▸ EXERCISE AIM: Exact copies of all the lines below are needed, without the pictures.

▸ RAW DATA:
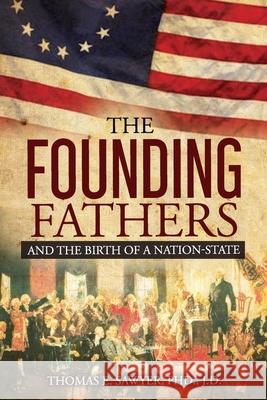 Founding Fathers: And The Birth Of A Nation-State Thomas E. Sawyer 9781732737150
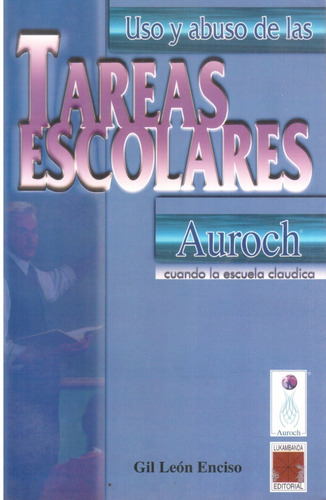 Uso Y Abuso De Las Tareas Escolares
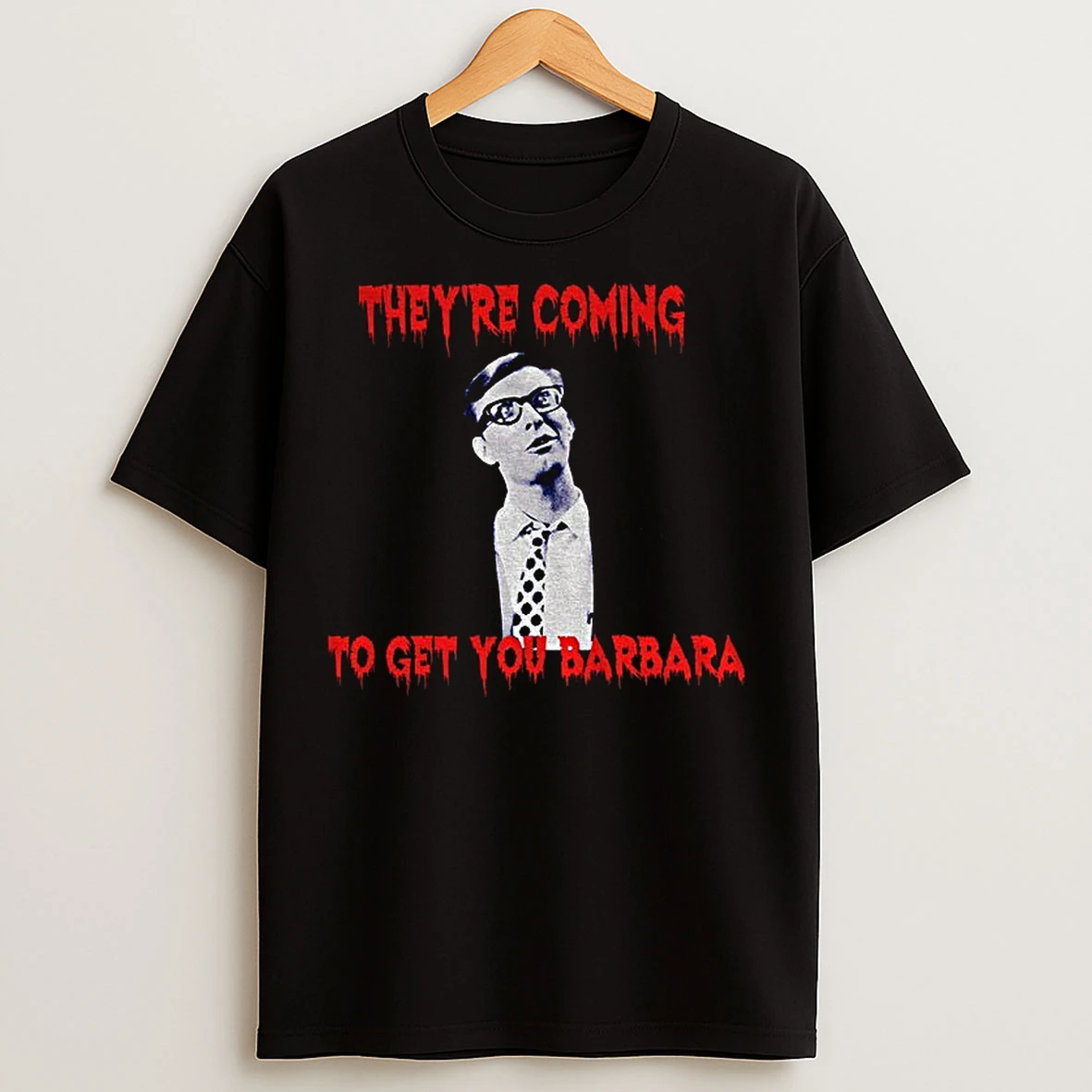 Johnny Night Of The Living Dead Theyre Coming To Get You Barbara T Shirts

▸ REPLY:
 Founding Fathers: And The Birth Of A Nation-State Thomas E. Sawyer 9781732737150
 Uso Y Abuso De Las Tareas Escolares
 Johnny Night Of The Living Dead Theyre Coming To Get You Barbara T Shirts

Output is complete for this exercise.